How much does it cost?

Second to trial, mediation can be the most expensive cost of litigation.  You are paying the mediator half of his or her fee in addition to any hourly fee that I charge.
The mediator charges a onetime administrative fee (of $150 or so) and then charges by the hour ($150-200 per hour) for the mediation.  The mediator fees are split by the parties equally.  Sometimes, as part of the settlement, the parties will agree that one party bear the entire costs of the mediation, but this only happens by agreement.  Unless the other side agrees to pay our share of the mediation expenses,you must pay your entire share of the mediation at the end of the day.
Note that in addition to the mediator’s fee, you are also responsible for my hourly fee (unless we are under a separate written contingency agreement).

What should I expect?

You should probably expect that if you are the plaintiff that the defendant will offer something very low to settle the case starting out.  If you are the defendant, the plaintiff may ask for what you think is an astronomical amount to settle the case.  It is hard to gauge the likelihood of settlement until after two or three offers have gone back and forth.

Can we use any offers of settlement against each other later?
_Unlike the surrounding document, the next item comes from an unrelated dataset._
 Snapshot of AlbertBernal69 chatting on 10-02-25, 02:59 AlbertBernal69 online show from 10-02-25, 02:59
No.  Offers of settlement, even at a mediation, are inadmissible in court.  Therefore, we are not able to get up at trial and say “But you offered to settle this case for X dollars back at mediation!”
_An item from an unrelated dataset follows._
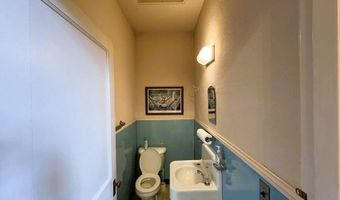 2 Howard St, Augusta, ME 04330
Is what I say confidential?

The mediator should remind everyone of this at the beginning, but he or she will share anything that anyone says with the other side if it may help with settlement UNLESS we specifically tell the mediator not to share it.  So, be careful of what you say.
But just because the mediator may share something you say during mediation, that does not make it admissible in court later on if the matter goes to trial.

What happens at the end?

At the end of mediation, either a settlement is reached, written down, and signed by all of the parties, or the mediator declares an “impasse.”  An impasse means that the parties failed to reach a settlement.
Another option is that the parties may agree to keep a certain offer open for a certain amount of days past the mediation.  In this case, the mediation is considered to be at a “recess” until that offer is either accepted or rejected.
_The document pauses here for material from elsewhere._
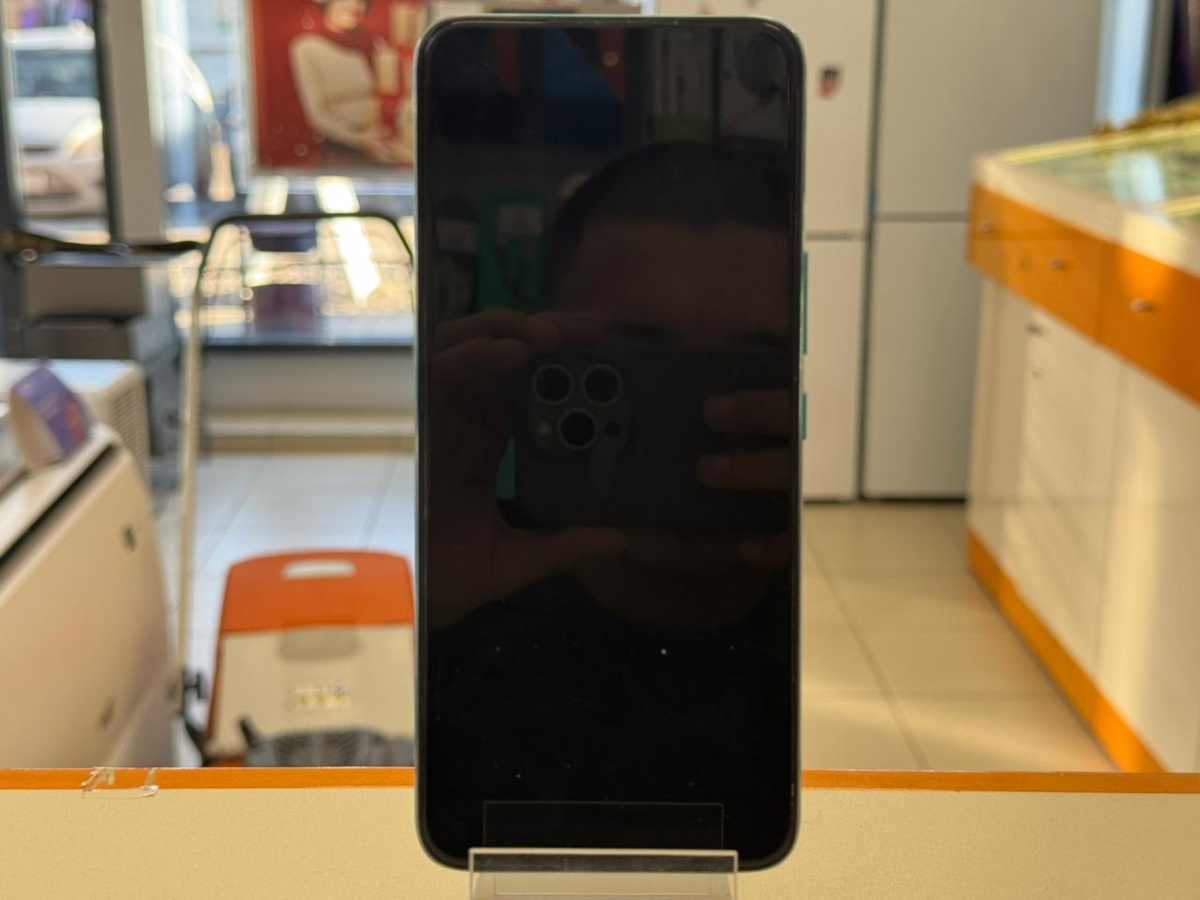 Смартфон Infinix HOT 12 PLAY 4/64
What if we do reach a settlement?

The parties will all sign a settlement agreement the day of mediation.  Sometimes a more formal agreement will be signed later, but any document signed by the parties on the day of mediation is a legal and binding document that can be upheld against either party.  Do not sign anything unless you fully understand the terms and consequences of the settlement agreement.
Usually the settlement includes a release of all claims and a dismissal of the lawsuit as well as confidentiality agreements (sometimes incorrectly called “gag orders”) and non-disparagement clauses (agreements not to talk bad about the other side).  This is very important to keep in mind, because both the leverage and accompanying risks of litigation go away if we reach a settlement.  Losing the risk is good, but losing the leverage may not be.  However, if we have claims that we agree to dismiss, that means that we will not ever be able to sue on those claims again.

What if we don’t reach a settlement?


That doesn’t mean that the case won’t ever settle—just that it didn’t settle that day.
The case will then proceed as it was, with further discovery if needed and eventually a trial if the matter is not settled or dismissed in some other way.